From Macquarie
Metallurgical coal: USD price lower, producer currency prices higher
- Metallurgical coal markets continue to rebalance faster than bulk commodity peers, helped by the underlying structure of the supply side. With the US being the second largest seaborne supplier, and already at the top end of the cost curve, it was inevitable that supply from this region would be under pressure. Recent trade data has confirmed this, and when coupled with stagnation at Australian operations means global seaborne supply will almost certainly be down YoY.
- However, with global steel consumption weak a lack of supply growth is aligned with a lack of demand growth. Moreover, key import regions look to be well stocked – ex-China met coal imports rose 9% YoY in 2014, compared with equivalent pig iron output growth of 4.1%. Moreover, with ex-China pig iron output now trending negative YoY, the demand side is becoming more of a drag.
- This leads to a situation where the USD price is still trending lower – the current hard coking coal spot price is $102/t, the lowest since February 2007. We now forecast an average hard coking coal contract price for 2015 of $114/t FOB Australia, down 3.8% from our previous forecast. We have also lowered our 2016 forecast to $125/t FOB Australia, down from $130/t, with equivalent falls for PCI and semi-soft material.
- However, unlike iron ore and thermal coal, there isn’t the same aggressive need to cut immediate supply. As a result, the AUD price of coking coal has been rising – our $112/t FOB Australia estimate for Q2 2015 equates to ~A$147/t, compared with A$143/t for Q1 for the current quarter.
- Reports from IHS suggest BHP has already settled at $109.5/t for premium hard coking coal with Nippon Steel, though this is as yet unconfirmed. Were this to gain traction as the benchmark, this would mean only a small QoQ gain in A$ terms, being US$2.5/t below our expectation.
Thermal coal: Producers win the battle, but the war is just starting
- For thermal coal, we have raised our Japanese Fiscal Year (JFY) contract expectation to $70/t FOB Australia from $64/t previously. This is not reflecting any improvement in underlying market conditions, but rather the successful strategic efforts of producers to play into the insecurities of Japanese buyers through potential for production cuts. We forecast a full year FOB Newcastle spot price of $60.25/t, reflecting the expected drop off in price once the mating season is over.

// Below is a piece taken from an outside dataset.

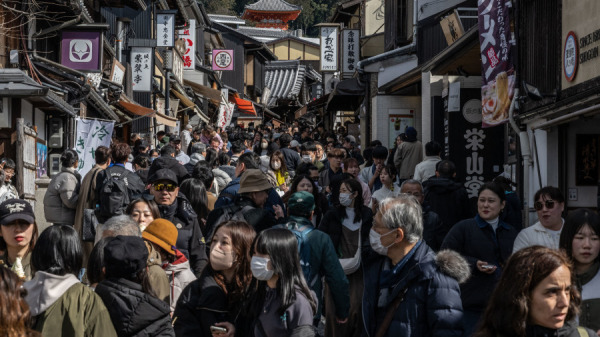 令人不寒而栗 人权观察报告揭北京跨境镇压延伸日本(图)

- To put in context how successful the producers have been, based on current spot FX in Australian dollar terms this year’s contract will be marginally up YoY, and the highest since FY 2012. This comes at a time when production costs have fallen markedly over the past 8 months. Logically, Japanese utilities will be more inclined to settle a higher price (and potentially larger volume) if they view supply security and quality to be at risk, and Glencore’s recent announcement of 15mt of supply cuts has brought this into focus. We remain sceptical that the full 15mt outlined will be cut for a sustained period; though if it were, it would likely result in a YoY decline in 2015 global seaborne exports, playing into the concerns of still brand-sensitive Japanese consumers.

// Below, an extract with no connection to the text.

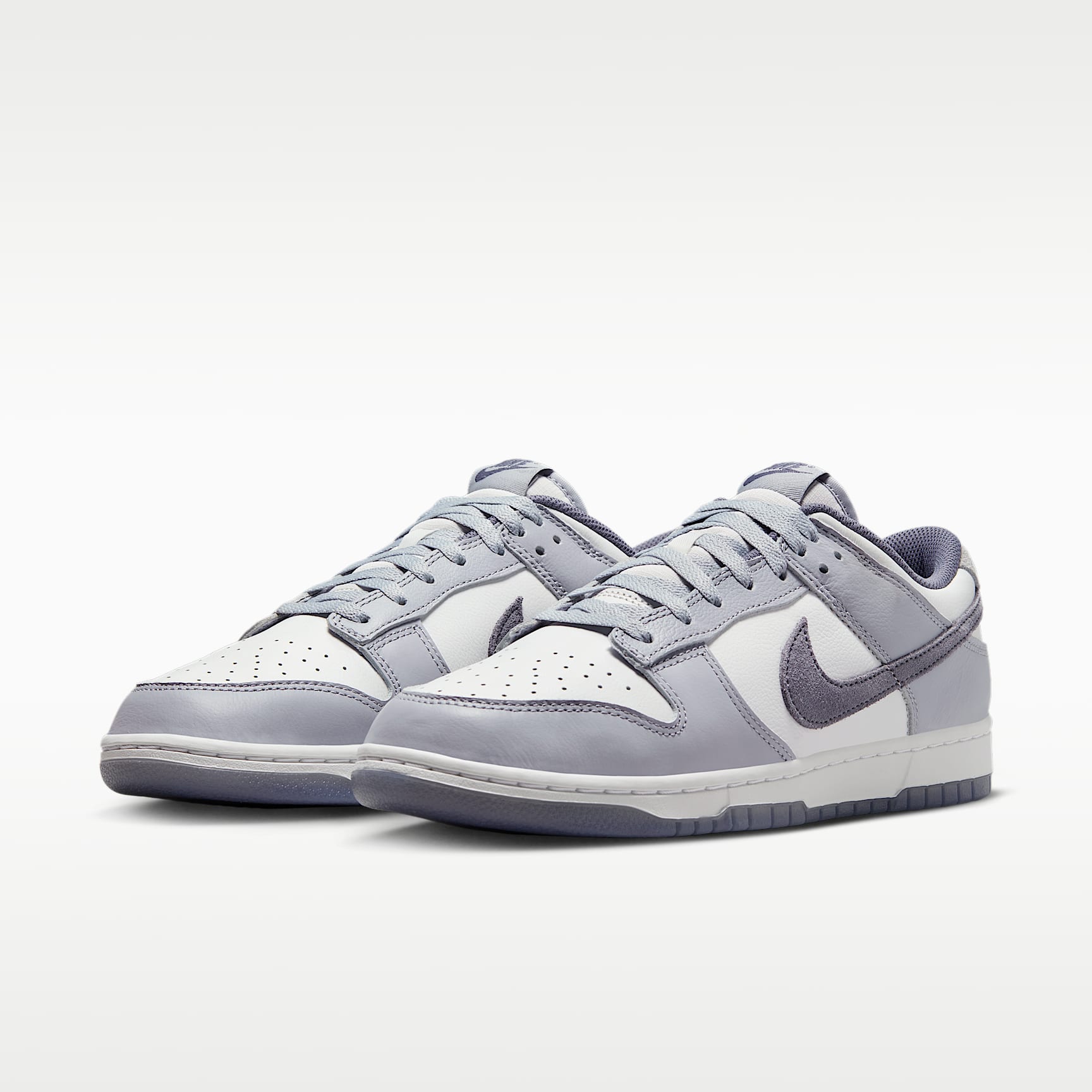 Nike Dunk Low Retro SE Herrenschuh – Weiß/Platinum Tint/Pure Platinum/Light Carbon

- Despite this, current market fundamentals remain very weak, with India the only bright spot on the demand-side. In particular, we still feel the wider market is underestimating how much lower YoY Chinese imports could be in 2015. January imports of thermal + anthracite fell 61%YoY. Based on this, the thermal coal market’s buyer of last resort is disappearing, following a series of protectionist measures implemented over the past 6 months (with more potentially to come). In our view, these measures can remain in place until the Chinese coal industry’s corporate debt problem is brought back under control. Even with this, the current market oversupply has seen Chinese price start to trend back below RMB 485/t (5,500kcal) over the past week.
- Historically, we have assumed that the thermal coal market surplus clears through Chinese imports, by displacing high cost domestic production. On this methodology, we previously forecast that Chinese imports in 2015 would fall by a similar magnitude to their 2014 fall of ~23mt (i.e. ex-China demand growth outpaces global supply growth). Assuming that the full magnitude of the announced producer cuts are implemented and using this same methodology, this implies Chinese imports could drop by a larger 38mt YoY in 2015.

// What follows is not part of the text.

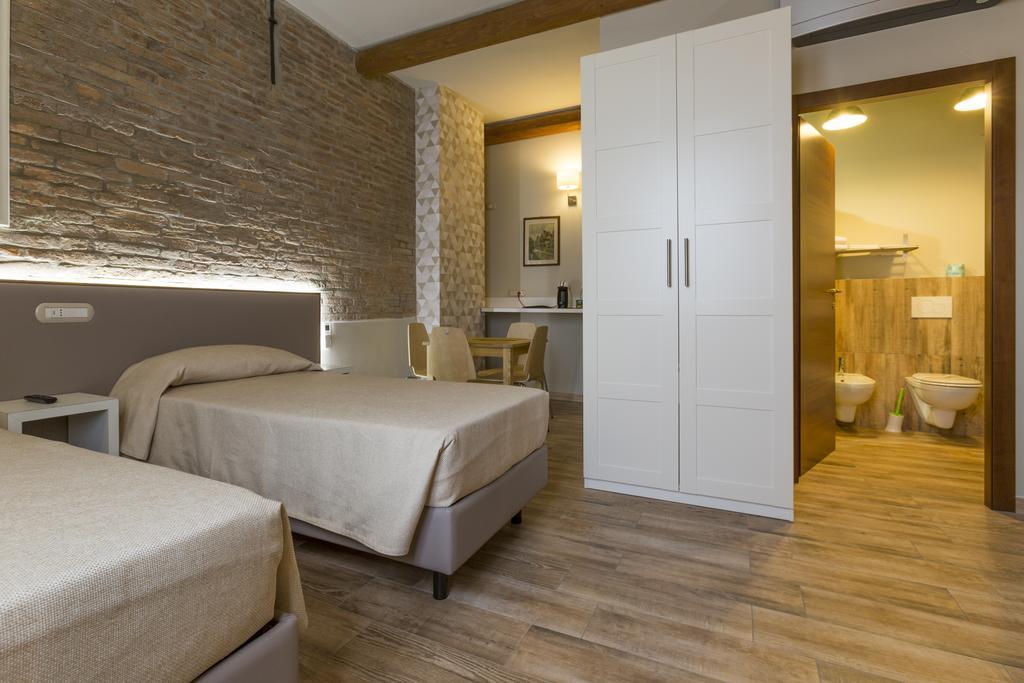 Hotel Residence Diamantina Ferrara Exteriér fotografie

- But as the market of last resort disappears, this method of supply/demand modelling is increasingly under question. Certainly China’s January import of 127mtpa indicates that full-year 2015 imports could be quite a bit lower than that implied by our model. In this scenario, the question is where does the market surplus end up? The general conclusion is that there is no other importer capable of absorbing such a large volume of material and that prices should fall to low enough levels for supply cuts to occur.
- The net result is that the market needs to lose tonnes into Q2, and with the thermal coal cost curve being conspicuously flat, the spot price will have to work hard to make this happen. As a result, we expect FOB Newcastle, FOB Richards Bay and delivered Europe spot prices to trade back below $60/t over the coming months. As a result, producers who are not exposed to the certainty of the Japanese contract will be under increasing margin pressure through the remainder of 2015.
- We have also raised our 2016 JFY contract expectation to $70/t FOB Newcastle from $66/t previously to reflect the Japanese inertia to settling lower prices.